Le conocí en una fiesta de cumpleaños. Me pareció un tipo agradable y con don de gentes, de buena labia. En su actitud, nada arrogante, no mostraba dedicarse a la promoción de viviendas, así que me sorprendió cuando me lo dijo. Alguien, un amigo común, le había dicho que llevaba tiempo buscando a donde mudarme. No por frivolidad, que si a la fuerza ahorcan, también a la fuerza te hace la vida empaquetar tus cosas y mudar de asiento.
Se ofreció a ayudarme, y la oferta cayó en tierra abonada: el tipo me inspiraba confianza y la situación me invitaba, seductora, a asirme a un clavo ardiendo, una alcayata al rojo, o a lo que el destino tuviera a bien concederme. Nos reunimos en su oficina a los pocos días. Había plantas por doquier, que regaba una señora boliviana, que también se encargaba de la limpieza, como, atento, me explicó mi anfitrión. En las paredes y sobre las repisas había infinidad de fotos suyas en todos los continentes. Al notar mi curiosidad, tuvo a bien comentarme algunas anécdotas relacionadas con sus viajes.

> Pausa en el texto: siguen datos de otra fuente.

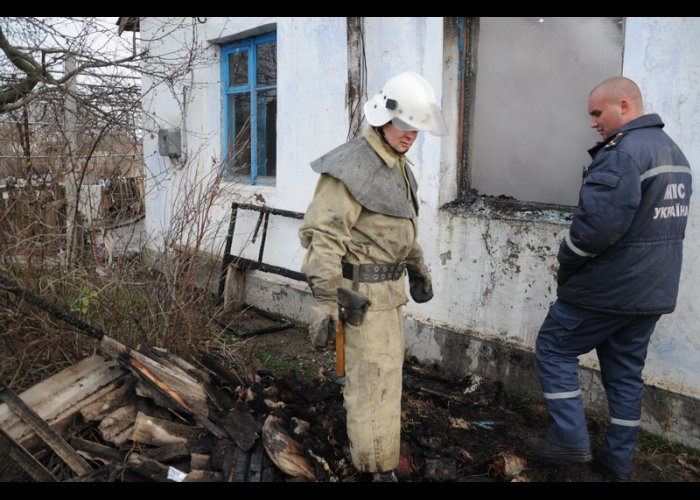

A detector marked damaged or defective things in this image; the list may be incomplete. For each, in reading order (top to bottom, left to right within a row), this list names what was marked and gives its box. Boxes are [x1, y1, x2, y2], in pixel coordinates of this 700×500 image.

charred wood plank [0, 424, 56, 482]
charred wood plank [0, 378, 92, 476]
charred wood plank [0, 356, 127, 450] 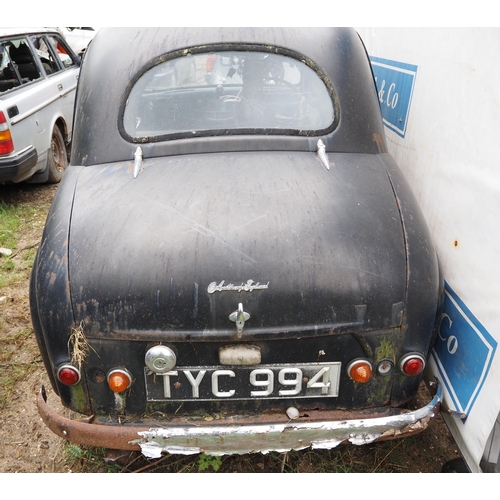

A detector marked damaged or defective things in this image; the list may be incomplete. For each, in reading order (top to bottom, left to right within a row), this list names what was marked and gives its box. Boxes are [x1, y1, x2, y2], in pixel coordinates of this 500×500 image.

rusty bumper [38, 380, 442, 458] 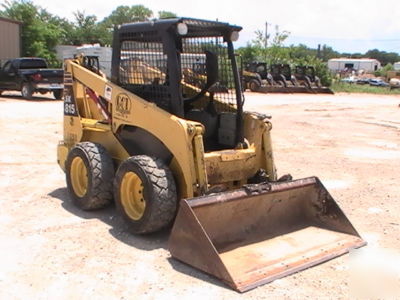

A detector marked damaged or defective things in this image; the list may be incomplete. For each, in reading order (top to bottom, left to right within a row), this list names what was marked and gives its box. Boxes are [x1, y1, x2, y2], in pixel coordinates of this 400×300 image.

rusty bucket [167, 177, 368, 292] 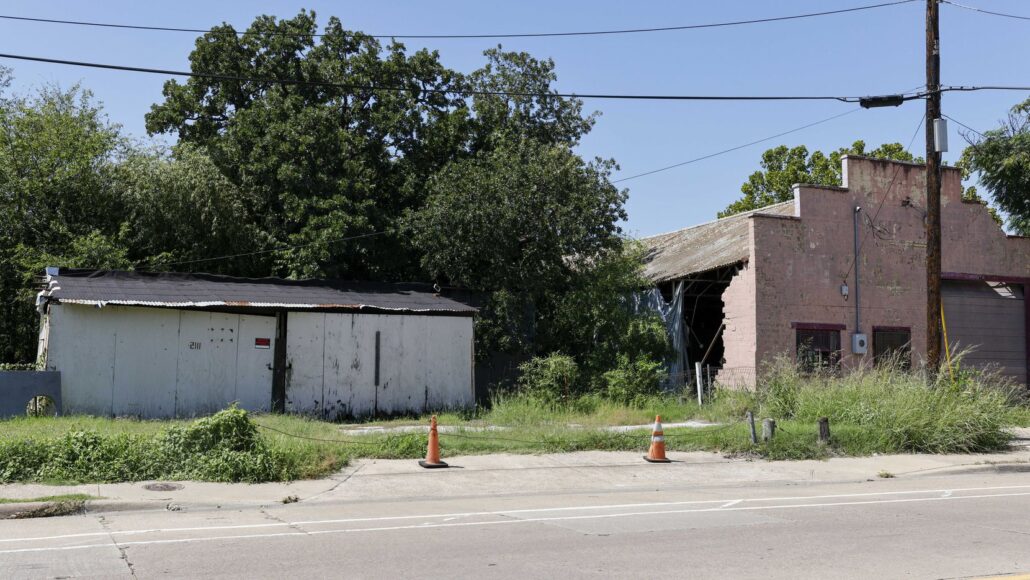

−¿Has estado en Perú? −me preguntó, y tuve que responderle que no. Ahí terminó esa etapa de la conversación. Luego salió el tema de la universidad, en la que no nos tratamos, pero de la que al parecer compartimos amigos o conocidos. La cosa iba bien, y cada vez me encontraba más cómodo y esperanzado. Hasta que dejó de sonreír y me preguntó que qué tenía en mente. Cuántos dormitorios, en qué zona, qué presupuesto…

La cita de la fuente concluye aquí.